* What you need to do
Images excepted, the data below must be repeated exactly.

* Dataset excerpt
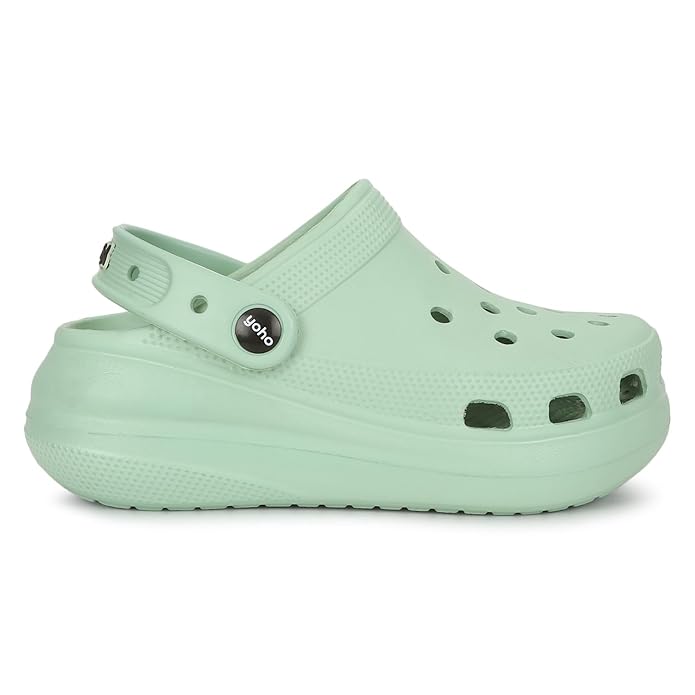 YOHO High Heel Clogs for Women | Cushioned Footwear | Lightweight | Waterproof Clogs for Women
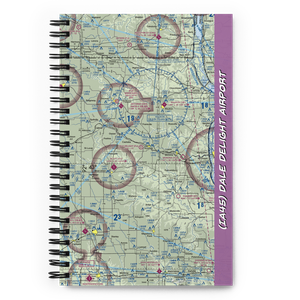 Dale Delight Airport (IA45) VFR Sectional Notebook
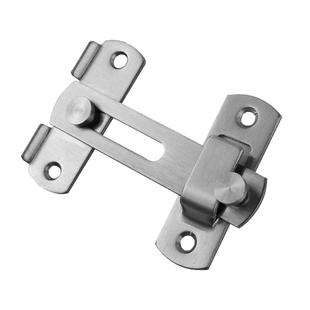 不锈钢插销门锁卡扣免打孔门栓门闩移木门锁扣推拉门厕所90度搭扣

* Written reply
 YOHO High Heel Clogs for Women | Cushioned Footwear | Lightweight | Waterproof Clogs for Women
 Dale Delight Airport (IA45) VFR Sectional Notebook
 不锈钢插销门锁卡扣免打孔门栓门闩移木门锁扣推拉门厕所90度搭扣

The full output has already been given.